Understanding crowdfunding for business
Crowdfunding refers to the practice of funding your business venture through a variety of people, rather than a traditional investment firm or angel investor. Using a crowdfunding website (like GoFundMe or Kickstarter), you’ll settle on a target figure before asking people to invest a small amount. There are plenty of examples of companies that successfully used a crowdfunding website to secure investment. One of the most famous is Oculus. Purchased by Facebook for $2 billion in 2014, Oculus originally launched on Kickstarter, seeking an initial amount of $250,000.
Types of crowdfunding
It’s important to understand that there are several different types of crowdfunding campaigns, each of which is likely to have a slightly different impact on your company:
Debt crowdfunding – Like traditional business loans, money raised through debt crowdfunding (at a set interest rate) needs to be repaid.

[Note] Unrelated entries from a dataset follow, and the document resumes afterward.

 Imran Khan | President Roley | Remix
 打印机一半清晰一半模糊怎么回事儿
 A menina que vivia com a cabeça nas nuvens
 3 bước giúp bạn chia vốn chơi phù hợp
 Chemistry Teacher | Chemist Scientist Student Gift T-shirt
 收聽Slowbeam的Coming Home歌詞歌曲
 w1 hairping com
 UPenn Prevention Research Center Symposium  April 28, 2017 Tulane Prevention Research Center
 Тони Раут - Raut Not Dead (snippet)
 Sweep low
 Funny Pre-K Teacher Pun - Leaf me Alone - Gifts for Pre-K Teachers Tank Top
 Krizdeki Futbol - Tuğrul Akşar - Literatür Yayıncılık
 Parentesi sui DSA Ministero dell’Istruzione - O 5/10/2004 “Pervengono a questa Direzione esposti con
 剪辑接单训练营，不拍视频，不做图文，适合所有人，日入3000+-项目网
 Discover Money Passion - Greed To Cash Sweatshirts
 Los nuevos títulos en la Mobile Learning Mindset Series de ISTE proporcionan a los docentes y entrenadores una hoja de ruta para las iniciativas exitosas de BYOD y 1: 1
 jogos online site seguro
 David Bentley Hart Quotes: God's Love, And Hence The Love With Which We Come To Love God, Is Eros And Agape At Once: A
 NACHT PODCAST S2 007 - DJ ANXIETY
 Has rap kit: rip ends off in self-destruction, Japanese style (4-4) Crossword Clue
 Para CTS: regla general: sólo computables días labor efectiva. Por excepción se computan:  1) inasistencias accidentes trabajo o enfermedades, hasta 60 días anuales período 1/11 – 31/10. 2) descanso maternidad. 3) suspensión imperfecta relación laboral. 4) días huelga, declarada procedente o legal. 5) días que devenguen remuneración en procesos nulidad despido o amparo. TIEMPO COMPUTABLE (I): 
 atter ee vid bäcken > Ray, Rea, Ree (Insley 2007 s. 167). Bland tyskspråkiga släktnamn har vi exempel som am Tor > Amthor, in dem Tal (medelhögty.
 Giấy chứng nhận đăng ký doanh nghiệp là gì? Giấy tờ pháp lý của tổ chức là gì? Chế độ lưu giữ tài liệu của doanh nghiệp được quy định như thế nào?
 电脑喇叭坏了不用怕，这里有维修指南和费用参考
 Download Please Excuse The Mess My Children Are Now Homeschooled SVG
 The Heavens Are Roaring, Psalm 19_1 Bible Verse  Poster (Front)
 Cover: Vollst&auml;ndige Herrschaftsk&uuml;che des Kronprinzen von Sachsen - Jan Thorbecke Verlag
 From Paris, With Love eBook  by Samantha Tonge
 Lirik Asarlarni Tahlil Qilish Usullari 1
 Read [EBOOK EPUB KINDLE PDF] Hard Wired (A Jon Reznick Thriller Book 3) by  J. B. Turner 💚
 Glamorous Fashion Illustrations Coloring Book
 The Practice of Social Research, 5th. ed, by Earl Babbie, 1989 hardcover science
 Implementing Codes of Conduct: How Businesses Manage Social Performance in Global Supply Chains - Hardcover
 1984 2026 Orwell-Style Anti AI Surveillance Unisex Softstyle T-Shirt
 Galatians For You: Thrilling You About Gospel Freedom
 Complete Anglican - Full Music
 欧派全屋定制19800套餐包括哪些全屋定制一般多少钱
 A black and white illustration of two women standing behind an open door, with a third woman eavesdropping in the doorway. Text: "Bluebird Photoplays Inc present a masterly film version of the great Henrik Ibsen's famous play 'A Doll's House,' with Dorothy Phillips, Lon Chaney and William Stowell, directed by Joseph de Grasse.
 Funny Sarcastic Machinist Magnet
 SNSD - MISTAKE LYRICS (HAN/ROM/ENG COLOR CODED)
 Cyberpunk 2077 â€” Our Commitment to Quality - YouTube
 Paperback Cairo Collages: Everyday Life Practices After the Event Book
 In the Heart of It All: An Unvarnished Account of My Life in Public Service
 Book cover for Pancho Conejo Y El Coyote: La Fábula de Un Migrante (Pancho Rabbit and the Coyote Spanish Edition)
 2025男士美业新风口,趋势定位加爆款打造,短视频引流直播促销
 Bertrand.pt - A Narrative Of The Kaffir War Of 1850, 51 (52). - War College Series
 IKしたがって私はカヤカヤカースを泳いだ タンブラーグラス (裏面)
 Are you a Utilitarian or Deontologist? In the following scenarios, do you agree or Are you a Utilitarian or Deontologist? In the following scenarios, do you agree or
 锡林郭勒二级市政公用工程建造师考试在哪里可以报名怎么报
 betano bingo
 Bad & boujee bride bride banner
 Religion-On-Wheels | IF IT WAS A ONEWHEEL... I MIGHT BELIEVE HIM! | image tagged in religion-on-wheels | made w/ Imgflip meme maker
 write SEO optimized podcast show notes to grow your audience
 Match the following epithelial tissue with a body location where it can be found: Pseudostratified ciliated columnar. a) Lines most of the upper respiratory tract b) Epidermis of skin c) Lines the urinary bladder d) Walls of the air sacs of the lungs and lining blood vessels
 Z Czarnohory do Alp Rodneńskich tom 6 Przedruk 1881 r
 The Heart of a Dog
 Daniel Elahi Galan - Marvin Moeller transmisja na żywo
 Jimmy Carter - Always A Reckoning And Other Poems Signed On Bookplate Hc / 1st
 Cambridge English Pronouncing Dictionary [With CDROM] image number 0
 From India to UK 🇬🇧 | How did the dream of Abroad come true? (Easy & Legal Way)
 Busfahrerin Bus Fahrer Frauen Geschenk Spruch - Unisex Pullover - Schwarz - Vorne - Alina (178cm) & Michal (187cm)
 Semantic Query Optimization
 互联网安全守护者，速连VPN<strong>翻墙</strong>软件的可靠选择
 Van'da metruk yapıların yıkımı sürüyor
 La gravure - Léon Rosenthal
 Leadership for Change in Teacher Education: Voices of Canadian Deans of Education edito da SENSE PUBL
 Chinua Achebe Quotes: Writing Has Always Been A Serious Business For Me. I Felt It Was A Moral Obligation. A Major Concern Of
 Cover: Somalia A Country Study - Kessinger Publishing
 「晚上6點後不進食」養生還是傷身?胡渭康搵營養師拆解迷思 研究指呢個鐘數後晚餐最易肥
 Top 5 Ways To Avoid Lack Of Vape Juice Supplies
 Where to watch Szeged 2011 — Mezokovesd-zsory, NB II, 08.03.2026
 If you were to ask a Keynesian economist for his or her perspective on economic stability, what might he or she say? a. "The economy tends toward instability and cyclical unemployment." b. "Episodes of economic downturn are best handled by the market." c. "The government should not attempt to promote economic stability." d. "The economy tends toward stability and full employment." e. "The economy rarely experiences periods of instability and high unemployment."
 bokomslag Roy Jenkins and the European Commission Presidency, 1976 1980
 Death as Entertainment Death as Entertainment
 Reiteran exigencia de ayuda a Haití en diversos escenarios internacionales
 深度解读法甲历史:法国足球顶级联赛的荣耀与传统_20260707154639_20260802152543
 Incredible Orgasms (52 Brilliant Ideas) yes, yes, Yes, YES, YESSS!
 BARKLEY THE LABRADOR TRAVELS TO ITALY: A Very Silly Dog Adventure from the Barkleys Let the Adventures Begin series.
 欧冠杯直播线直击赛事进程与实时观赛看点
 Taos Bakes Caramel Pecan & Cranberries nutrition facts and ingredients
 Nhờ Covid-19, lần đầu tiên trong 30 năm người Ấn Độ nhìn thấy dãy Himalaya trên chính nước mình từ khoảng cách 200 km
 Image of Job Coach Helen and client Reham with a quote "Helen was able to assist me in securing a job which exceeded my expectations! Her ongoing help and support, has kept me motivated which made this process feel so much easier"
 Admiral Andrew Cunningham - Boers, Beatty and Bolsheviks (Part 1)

Equity crowdfunding – Like private equity investment, equity crowdfunding refers to cases where you’ll provide investors with equity in your business in exchange for capital. There are a couple of benefits associated with equity crowdfunding; namely, you set the terms regarding how much equity you give up. Plus, unlike debt crowdfunding, you don’t have to repay the capital you’ve raised via crowdfunding.
Reward crowdfunding – Providing a slightly different crowdfunding model, reward crowdfunding is a system wherein you offer rewards to backers in return for investment. These rewards are usually linked to your product, i.e., early access to the service, special bundles, etc.
Donor crowdfunding – Finally, there’s donor crowdfunding. With this type of crowdfunding, you aren’t required to repay the funds or provide rewards, so you can invest the capital back into your business.
The type of crowdfunding model that is likely to work best for your firm depends on a range of factors, as well as the level of ownership that you’re prepared to concede.
How does crowdfunding work?
Crowdfunding for business is relatively straightforward. Essentially, you’ll first need to register with a crowdfunding website (some of the best options for small companies include Indiegogo, Seedrs, and Crowdcube) before explaining who you are and what you’re trying to achieve. Then, you need to promote the campaign and attempt to hit your target. It’s important to remember that some crowdfunding websites are all or nothing – meaning that if you don’t raise the full amount, you won’t receive any money. If the campaign closes and you’ve reached your target, the site will take a cut, and you’ll receive your funds.
Crowdfunding advantages and disadvantages for small businesses
There are many advantages associated with crowdfunding for business. Firstly, it’s a quick and simple way to get financed, with no up-front fees or drawn-out pitch process. It’s also important to note that crowdfunding provides your business with a great origins story, which can help drum up positive media coverage and PR for your firm. With some types of crowdfunding, there’s the additional benefit of not having to give up ownership of your firm. However, you should bear in mind that donation-based and debt-based crowdfunding tends to be less positively received for small businesses.
But it’s not all plain sailing, and when it comes to crowdfunding advantages and disadvantages, there are a few sticking points. Most importantly, crowdfunding requires an enormous amount of effort, time, money, and luck to do successfully. Plus, the amount of investment capital you can expect to obtain via a crowdfunding website is usually less than would be available with a traditional investment firm. Also, it’s important to remember that while successful crowdfunding campaigns can generate positive PR, unsuccessful campaigns can lead to negative coverage, which could damage your brand reputation.